Is there hope for the future? In Russia there is a strong tradition of corruption going right back to Tsarist times. So it would be naive to imagine that a benevolent dictator could simply wave a magic wand over it. On the other hand, before the First World War, despite endemic corruption, Russia managed to be one of the fastest-growing industrial countries in the world.
Although now heavily dependent upon oil revenues, the Russian government’s financial position is strong. Its budget is only slightly in deficit, to the tune of about 0.5pc of GDP, and its ratio of government debt to GDP is only about 11pc.
Meanwhile, the Russian central bank is planning to move the rouble to a fully flexible regime. If the floating currency subsequently weakens, this would improve Russian competitiveness and hence promote the growth of exports.
I suppose that another sharp rise in energy prices would deliver a windfall gain which would make things better for a time.

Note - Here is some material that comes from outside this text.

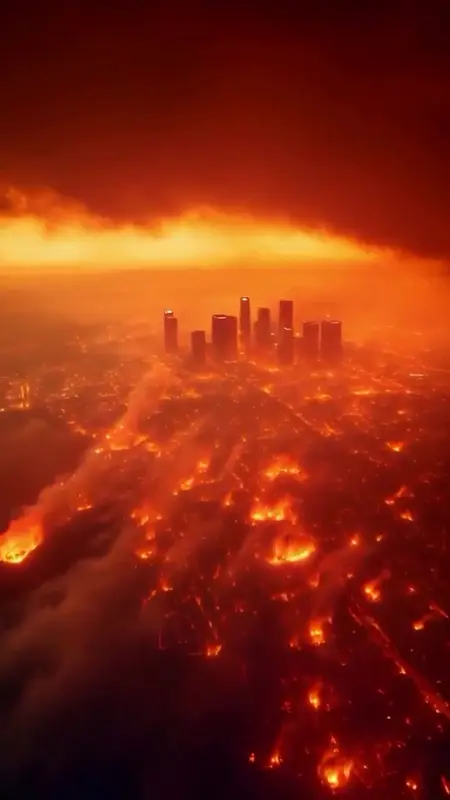 Cityscape Engulfed In Flames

But if no other improvements were made, it would be a temporary palliative. In any case, the greater probability is of lower energy prices, which would compound Russia’s difficulties.
So although there are possible upsides, it is difficult to summon up much optimism without radical changes to the political regime. Infrastructure spending can easily be delayed or wasted, property rights might continue to be infringed and reforms to be stalled. Accordingly, the outlook is probably for continued low productivity growth and continued emigration. That is certainly what many of my Russian friends believe.
Somehow, I cannot believe that a great nation will implode in this way and I hope that Russia will find a way to salvation. But as things stand, it is difficult to see what it might be.